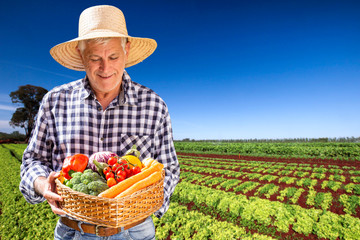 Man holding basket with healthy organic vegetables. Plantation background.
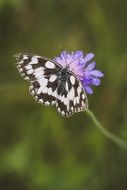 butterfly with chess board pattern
--
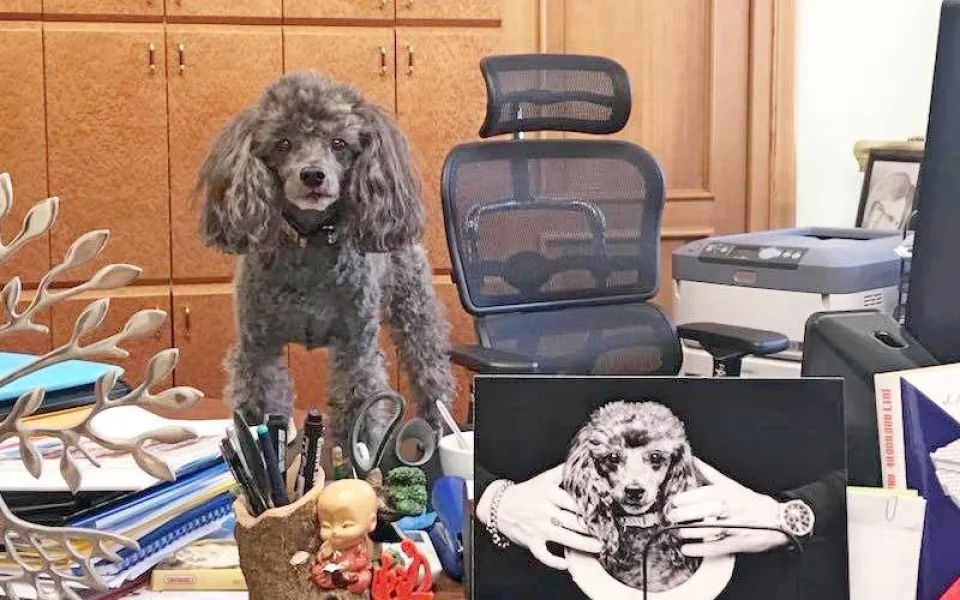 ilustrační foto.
--
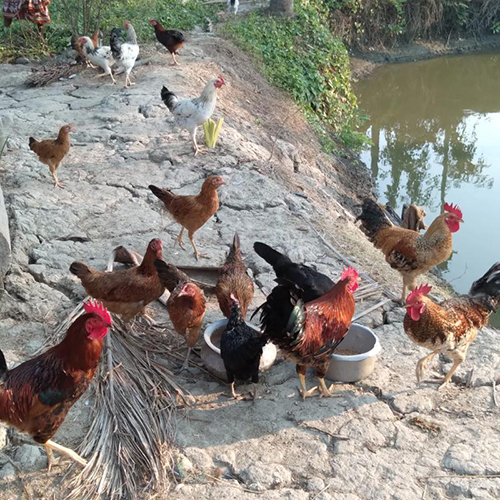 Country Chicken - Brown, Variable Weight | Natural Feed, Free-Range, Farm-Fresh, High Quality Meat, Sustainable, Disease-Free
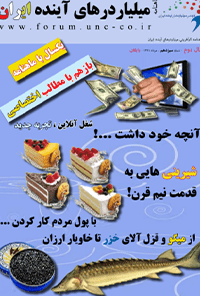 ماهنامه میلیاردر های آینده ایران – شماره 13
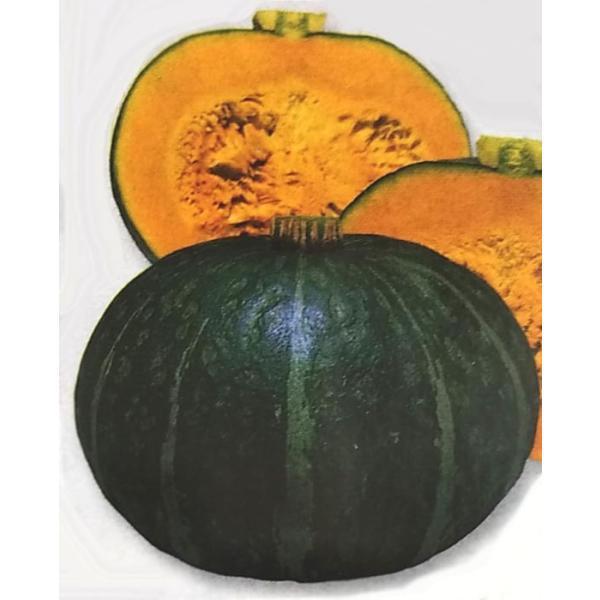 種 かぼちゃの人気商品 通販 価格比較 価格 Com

* _ACTION ITEM_
Output exactly the lines above that lie between the line with "ماهنامه میلیاردر های آینده ایران – شماره 13" and the line with "種 かぼちゃの人気商品 通販 価格比較 価格 Com", those two lines included, and no pictures.

* _EXPECTED OUTPUT_
 ماهنامه میلیاردر های آینده ایران – شماره 13
 種 かぼちゃの人気商品 通販 価格比較 価格 Com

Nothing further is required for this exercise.